Africa Hall Windows
The most significant public commission of Afewerk Tekle's career, and one of the largest works of stained glass produced in the twentieth century by any artist anywhere in the world. Three vast windows — each over fifteen metres tall — face the entrance hall of Africa Hall, the Addis Ababa headquarters of the United Nations Economic Commission for Africa. They tell the story of the African continent: its past, its colonial wound, its independence, and its future.
Curatorial NoteOn the work
Afewerk designed the windows in 1959 and spent three years supervising their fabrication at Studio Atelier Thomas Vitraux in Valence, France. The glass itself is of a quality and variety rarely seen in secular architecture: over forty distinct colours, including several shades developed specifically for this commission to capture the colours of the Ethiopian landscape — the specific blue of Lake Tana, the specific ochre of Lalibela stone, the specific green of teff in the rains.

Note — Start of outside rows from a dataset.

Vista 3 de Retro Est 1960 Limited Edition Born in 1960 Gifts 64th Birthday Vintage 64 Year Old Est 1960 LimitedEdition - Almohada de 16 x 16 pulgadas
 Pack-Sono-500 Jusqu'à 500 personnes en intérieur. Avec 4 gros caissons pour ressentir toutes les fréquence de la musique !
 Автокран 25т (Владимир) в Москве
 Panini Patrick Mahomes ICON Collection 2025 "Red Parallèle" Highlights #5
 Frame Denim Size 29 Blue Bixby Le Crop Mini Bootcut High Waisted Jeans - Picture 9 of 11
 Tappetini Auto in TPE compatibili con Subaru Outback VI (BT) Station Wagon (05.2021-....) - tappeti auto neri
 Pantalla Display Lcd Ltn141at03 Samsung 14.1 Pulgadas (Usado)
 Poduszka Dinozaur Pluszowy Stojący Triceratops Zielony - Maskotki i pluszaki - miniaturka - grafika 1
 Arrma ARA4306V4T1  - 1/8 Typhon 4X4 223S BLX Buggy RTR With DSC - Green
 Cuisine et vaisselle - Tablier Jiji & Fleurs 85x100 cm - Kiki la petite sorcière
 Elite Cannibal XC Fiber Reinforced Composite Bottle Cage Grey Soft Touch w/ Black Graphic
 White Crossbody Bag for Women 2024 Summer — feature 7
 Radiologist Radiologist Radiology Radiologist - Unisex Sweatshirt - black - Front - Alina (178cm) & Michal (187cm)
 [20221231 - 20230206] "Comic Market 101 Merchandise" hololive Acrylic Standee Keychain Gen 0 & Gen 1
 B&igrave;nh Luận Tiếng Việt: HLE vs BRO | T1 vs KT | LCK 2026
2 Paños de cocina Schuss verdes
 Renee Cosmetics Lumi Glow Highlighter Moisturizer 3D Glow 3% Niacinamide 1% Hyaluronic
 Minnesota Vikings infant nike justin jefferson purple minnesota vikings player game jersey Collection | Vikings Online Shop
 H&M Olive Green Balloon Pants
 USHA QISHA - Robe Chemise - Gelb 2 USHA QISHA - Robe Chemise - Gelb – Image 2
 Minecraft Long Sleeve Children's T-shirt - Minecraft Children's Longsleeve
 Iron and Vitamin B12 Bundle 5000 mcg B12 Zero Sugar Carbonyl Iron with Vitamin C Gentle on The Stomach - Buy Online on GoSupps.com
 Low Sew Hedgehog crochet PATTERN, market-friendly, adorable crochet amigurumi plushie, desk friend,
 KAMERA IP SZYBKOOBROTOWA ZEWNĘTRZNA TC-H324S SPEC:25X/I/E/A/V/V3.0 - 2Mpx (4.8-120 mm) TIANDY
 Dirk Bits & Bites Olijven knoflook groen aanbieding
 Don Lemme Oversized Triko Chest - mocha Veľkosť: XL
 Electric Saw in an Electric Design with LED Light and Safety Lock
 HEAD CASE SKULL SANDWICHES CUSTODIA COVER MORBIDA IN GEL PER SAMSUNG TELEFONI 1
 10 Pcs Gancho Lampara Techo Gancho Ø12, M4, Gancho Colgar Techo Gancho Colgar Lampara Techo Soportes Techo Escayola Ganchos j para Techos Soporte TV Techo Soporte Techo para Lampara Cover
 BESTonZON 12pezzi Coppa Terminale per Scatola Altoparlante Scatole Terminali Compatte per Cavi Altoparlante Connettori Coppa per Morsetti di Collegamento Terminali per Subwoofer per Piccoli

The central window, measuring approximately 75 square metres, depicts the history of Africa from ancient Egypt through colonisation to independence. The flanking windows extend the narrative into the present and the future. The overall effect, particularly in the early morning when the east-facing windows catch the first light, is overwhelming — the hall fills with colour as a cathedral fills with music.
The windows are Afewerk's greatest achievement in the medium and, many argue, his greatest achievement in any medium. They have been described by the architectural historian Kenneth Frampton as "one of the defining works of public art of the twentieth century."